The time processing the longer prompt isn't being spent churning (i.e. "thinking") on the problem at hand, it's spend calculating attention matrices between all the tokens. The time spent on this is a function of the number of flops you have available.
So no, if you just fill up your context window to garbage, the LLM will not perform better at your task/question.
Does every token requires a full model computation?
No, you can cache some of the work you did when processing the previous tokens. This is one of the key optimization ideas designed into the architecture.
So my experience creating products on GPT3.5-Turbo is that there is an upper limit to how much instructional complexity the model can handle at a time. It isn't really about "adding computation", though you are doing this. The key is to construct the process so that the model only has to focus on a limited scope to make the decision on.
In effect you are kind of creating a tree structure of decisions that build off of each other. By generating intermediate tokens the model can now only pay attention to the smaller set of already collapsed decisions. It is a little more complicated than that as the model will create anticipatory behavior where intermediate steps get biased by an incorrect result that the model anticipates.

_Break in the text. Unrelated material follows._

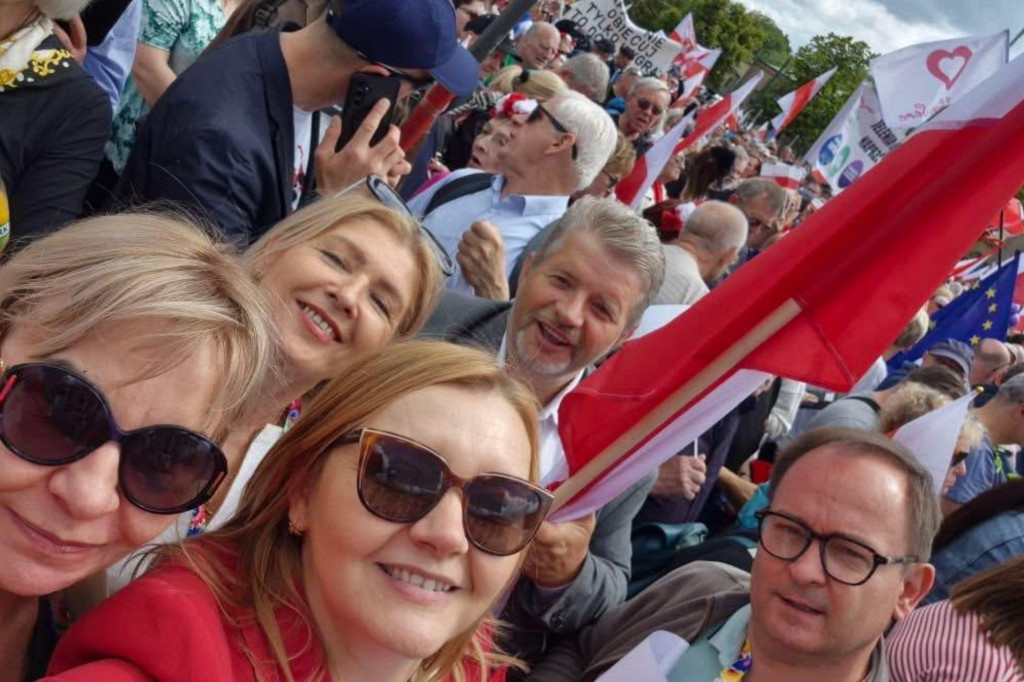 Łowiczanie na marszu Rafala Trzaskowskiego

Also I should say it isn't just instructional complexity, it is ambiguity which creates the upper limit on capability.
This is true. You can get a similar effect by asking the model to plan its path first without writing any code, then asking it to review its plan for deficiencies, and finally asking it to enact the plan and write the code.

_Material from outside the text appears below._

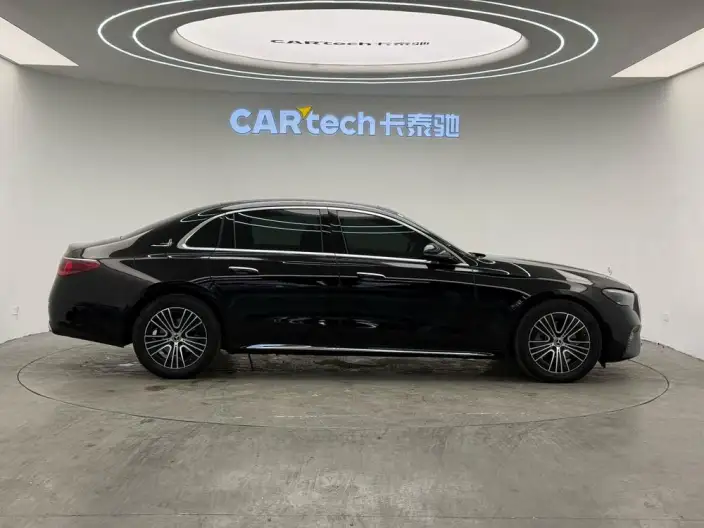 Mercedes-Benz E-Class 2024 Model E 260 L 4MATIC sedan – фото 8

Do you think there is a fundamental difference between masked language modelling vs causal language modelling? I feel like most LLMs are decoder only models just cause they are easier to train because their attention mask is fixed
One of the things I’ve been doing with the models I’ve been using with coding is adding the stack and primary dependencies in the system prompt and then asking or conversing. It has helped out a lot, or at least feels like it has.
That's what I thought at first, but that actually doesn't make sense, the amount of work done on a string is the same even if the string is followed by padding due to the mask used in attention. Then I realised that an LLM's working memory is limited to its activations, which can be limiting. But it can extend its working memory by writing partial results to the output and reading it in. E.g. if you tell it to "think of a number" without telling you what it is it can't do that, there is nowhere to store that number, it has no temporary storage other than the tape. But if you ask it to "think step by step" you let it store intermediate results (thoughts) on the tape, giving it extra storage it can use for thinking.